Emerging market debt issuance slumps but future positive

Emerging market debt trading slumped in the first quarter of 2009 but the recent resurgence in global risk appetite suggests the worst of crisis in the emerging credit markets is over, new figures released this week reveal.

Emerging market debt trading slumped in the first quarter of 2009 but the recent resurgence in global risk appetite suggests the worst of crisis in the emerging credit markets is over, new figures released this week reveal. The Emerging Markets Debt Trading Association (EMTA) announced this week that trading in the first quarter of the year stood at $915bn — a 23% decrease compared with the same period last year when the comparable figure was $1.186tr.

Trading in Eurobonds represented $253bn in the first quarter compared with $360bn during the same period the year before. Two-thirds of this ($168bn) was issued by sovereigns compared with $236bn in the first quarter of 2008.

Total corporate bond activity reached $76bn in the first quarter compared with $114bn in the same period in 2008.

The most frequently traded emerging market Eurobonds were Brazil ($39bn), Mexico ($32bn), Russia ($30bn), Venezuela ($22bn) and Argentina ($15bn) in the first quarter.

Thanks to strategic inflows into hard currency bonds, emerging market issuers have issued just under $70bn of new debt so far this year compared with $56bn during the same period last year. Commerzbank has increased its forecast for total new issuance in 2009 from between $50bn and $70bn to between $100bn and $120bn.

From March, trading in hard-currency cash bonds increased dramatically and spreads tightened by more than 300bp. Yesterday evening JPMorgan’s EMBI stood at 408bp. The sustained spread rally has allowed issuers to price off new risk without dislocating existing yield curves.

But the weak spot in the emerging sovereign bond markets remains credit default swaps for the Baltic region. Fears are mounting that a devaluation of the Latvian lat could imperil economic stability and currencies in central and eastern Europe. Contagion from the crisis has dented the Republic of Lithuania’s planned euro-denominated benchmark via joint bookrunners Citigroup, Credit Suisse and Royal Bank of Scotland.
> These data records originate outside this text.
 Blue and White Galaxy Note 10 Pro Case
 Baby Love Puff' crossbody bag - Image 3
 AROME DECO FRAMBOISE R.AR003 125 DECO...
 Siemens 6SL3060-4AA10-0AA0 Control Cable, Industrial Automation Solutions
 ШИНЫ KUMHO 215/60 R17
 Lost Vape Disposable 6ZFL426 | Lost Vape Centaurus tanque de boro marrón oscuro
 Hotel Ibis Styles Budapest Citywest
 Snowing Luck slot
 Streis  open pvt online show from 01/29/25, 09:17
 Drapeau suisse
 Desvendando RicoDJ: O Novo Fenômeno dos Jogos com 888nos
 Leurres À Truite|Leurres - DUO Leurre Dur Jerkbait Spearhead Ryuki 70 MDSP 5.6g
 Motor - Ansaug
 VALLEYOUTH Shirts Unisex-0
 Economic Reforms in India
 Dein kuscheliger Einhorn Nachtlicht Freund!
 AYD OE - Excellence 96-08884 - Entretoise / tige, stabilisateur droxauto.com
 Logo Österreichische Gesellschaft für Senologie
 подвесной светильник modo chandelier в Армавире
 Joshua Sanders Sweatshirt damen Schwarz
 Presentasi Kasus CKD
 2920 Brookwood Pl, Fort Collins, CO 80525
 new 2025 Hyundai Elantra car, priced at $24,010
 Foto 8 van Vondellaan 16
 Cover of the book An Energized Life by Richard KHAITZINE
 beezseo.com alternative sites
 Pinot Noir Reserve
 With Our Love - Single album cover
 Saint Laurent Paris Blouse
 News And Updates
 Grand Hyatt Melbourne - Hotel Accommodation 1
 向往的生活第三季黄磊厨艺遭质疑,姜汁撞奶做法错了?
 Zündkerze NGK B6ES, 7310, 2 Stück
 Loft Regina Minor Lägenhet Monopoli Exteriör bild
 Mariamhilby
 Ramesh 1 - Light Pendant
On May 22, its five year CDS stood at 380bp but yesterday it was trading at 470bp.

An investor conference call with the Lithuania debt management office on Monday shed little light on the situation, said a banker on the deal. "Nothing seems to have changed since the roadshow two weeks ago — the issuer and investors are just waiting to see what happens," said the potential bookrunner. The implication seems to be the deal will be shelved until the autumn unless Lithuania’s CDS tightens.

In the near term, the potential for the spreads on emerging bonds to tighten may be constrained by a stream of new issuance from Western sovereigns. Nevertheless, with plenty of cash stockpiled after systemic de-leveraging last year, asset prices in emerging markets will be supported in market dips as investors rush for opportune exposure, say analysts. But many believe the breakneck speed of the re-pricing of emerging market bonds during the rally is not sustainable.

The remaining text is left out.